The first question in the next exercise involves an initial encounter with temporal data through a fairly common time series operation: changing the format of a date to allow aggregation at a broader time step.
Exercise 5: Monthly Counts Barplot
Create a month variable whose format follows, for example, the 2019-08 scheme using the correct option of the dt.to_period method.
Apply the previous tips to gradually build and improve a graph to obtain a figure similar to the 3rd production on the Parisian open data page. Create this figure first from early 2022 and then over the entire period of our history.
Optional Question: Represent the same information in the form of a lollipop.

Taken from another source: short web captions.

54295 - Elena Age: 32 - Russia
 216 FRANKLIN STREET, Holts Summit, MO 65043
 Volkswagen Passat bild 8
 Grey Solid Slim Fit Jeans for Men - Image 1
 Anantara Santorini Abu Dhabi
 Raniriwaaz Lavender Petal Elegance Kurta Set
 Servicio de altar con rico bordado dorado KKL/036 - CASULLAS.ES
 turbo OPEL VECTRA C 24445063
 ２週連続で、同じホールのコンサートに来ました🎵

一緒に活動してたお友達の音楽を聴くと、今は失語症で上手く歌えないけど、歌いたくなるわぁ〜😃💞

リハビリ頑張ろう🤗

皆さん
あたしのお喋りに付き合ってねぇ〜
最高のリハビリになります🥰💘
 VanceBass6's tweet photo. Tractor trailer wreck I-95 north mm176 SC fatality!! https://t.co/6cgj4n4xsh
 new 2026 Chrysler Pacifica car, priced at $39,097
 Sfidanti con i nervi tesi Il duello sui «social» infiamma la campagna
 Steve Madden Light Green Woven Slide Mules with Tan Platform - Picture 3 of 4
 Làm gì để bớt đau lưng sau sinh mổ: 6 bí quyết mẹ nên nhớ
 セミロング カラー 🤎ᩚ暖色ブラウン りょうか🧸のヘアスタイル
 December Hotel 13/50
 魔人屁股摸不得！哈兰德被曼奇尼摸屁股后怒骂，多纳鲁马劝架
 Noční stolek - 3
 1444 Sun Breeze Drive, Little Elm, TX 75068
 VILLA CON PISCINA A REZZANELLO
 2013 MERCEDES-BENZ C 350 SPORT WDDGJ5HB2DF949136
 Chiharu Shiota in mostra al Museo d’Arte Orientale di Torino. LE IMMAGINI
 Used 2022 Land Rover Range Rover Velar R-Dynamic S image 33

The figure with data from early 2022 will look like this if it was created with plotnine:
With seaborn, it will look more like this:
If you prefer to represent this as a lollipop[^notecolor]:
Finally, over the entire period, the series will look more like this:
6 First Time Series
It is more common to represent data with a temporal dimension as a series rather than stacked bars.
Exercise 5: Barplot of Monthly Counts
Create a day variable that converts the timestamp into a daily format like 2021-05-01 using dt.day.
Reproduce the figure from the open data page.
7 Reactive Charts with Javascript Libraries
7.1 The Ecosystem Available from Python
Static figures created with matplotlib or plotnine are fixed and thus have the disadvantage of not allowing interaction with the viewer. All the information must be contained in the figure, which can make it difficult to read. If the figure is well-made with multiple levels of information, it can still work well.
However, thanks to web technologies, it is simpler to offer visualizations with multiple levels. A first level of information, the quick glance, may be enough to grasp the main messages of the visualization. Then, a more deliberate behavior of seeking secondary information can provide further insights. Reactive visualizations, now the standard in the dataviz world, allow for this approach: the viewer can hover over the visualization to find additional information (e.g., exact values) or click to display complementary details.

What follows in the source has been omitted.